THE TASK: When the line containing "VENINGO Cycling Gloves" is found in the data below, copy it and each line after it through the line containing "拼多多无人直播，小白在家0粉0成本开播立赚268，在家轻松月入数千-兵兵资源", exactly and with no others.

RECORDS FOR THE EXERCISE:
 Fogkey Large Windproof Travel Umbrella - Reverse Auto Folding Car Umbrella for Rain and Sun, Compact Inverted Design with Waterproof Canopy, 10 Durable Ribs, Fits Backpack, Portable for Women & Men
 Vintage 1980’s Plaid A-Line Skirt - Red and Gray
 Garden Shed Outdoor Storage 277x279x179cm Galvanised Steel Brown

==

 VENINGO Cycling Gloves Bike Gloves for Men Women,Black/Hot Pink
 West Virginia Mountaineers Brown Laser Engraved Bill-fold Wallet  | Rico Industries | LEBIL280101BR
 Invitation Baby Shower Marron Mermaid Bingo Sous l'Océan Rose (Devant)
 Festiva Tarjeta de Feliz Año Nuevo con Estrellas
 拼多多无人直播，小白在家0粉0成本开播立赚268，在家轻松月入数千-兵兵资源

TASK RESULT:
 VENINGO Cycling Gloves Bike Gloves for Men Women,Black/Hot Pink
 West Virginia Mountaineers Brown Laser Engraved Bill-fold Wallet  | Rico Industries | LEBIL280101BR
 Invitation Baby Shower Marron Mermaid Bingo Sous l'Océan Rose (Devant)
 Festiva Tarjeta de Feliz Año Nuevo con Estrellas
 拼多多无人直播，小白在家0粉0成本开播立赚268，在家轻松月入数千-兵兵资源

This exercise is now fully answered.